# The data

╔══

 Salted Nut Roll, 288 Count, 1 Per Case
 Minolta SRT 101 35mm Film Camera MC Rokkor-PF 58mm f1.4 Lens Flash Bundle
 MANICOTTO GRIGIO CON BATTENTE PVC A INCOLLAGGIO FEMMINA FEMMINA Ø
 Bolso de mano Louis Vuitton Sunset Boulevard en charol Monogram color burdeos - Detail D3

╚══
╔══

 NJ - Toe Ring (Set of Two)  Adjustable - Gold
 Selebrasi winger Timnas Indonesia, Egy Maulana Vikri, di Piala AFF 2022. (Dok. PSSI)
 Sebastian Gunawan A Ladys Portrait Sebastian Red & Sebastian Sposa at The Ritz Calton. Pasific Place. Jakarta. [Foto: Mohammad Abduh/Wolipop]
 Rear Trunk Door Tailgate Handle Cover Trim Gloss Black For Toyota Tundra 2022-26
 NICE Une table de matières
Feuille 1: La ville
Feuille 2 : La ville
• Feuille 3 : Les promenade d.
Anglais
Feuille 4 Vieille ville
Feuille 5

╚══

# Work order
Only the lines from the one containing "Salted Nut Roll, 288 Count, 1 Per Case" through the one containing "Bolso de mano" are to be retyped, both boundary lines included, with no other material.

# Result of this exercise
 Salted Nut Roll, 288 Count, 1 Per Case
 Minolta SRT 101 35mm Film Camera MC Rokkor-PF 58mm f1.4 Lens Flash Bundle
 MANICOTTO GRIGIO CON BATTENTE PVC A INCOLLAGGIO FEMMINA FEMMINA Ø
 Bolso de mano Louis Vuitton Sunset Boulevard en charol Monogram color burdeos - Detail D3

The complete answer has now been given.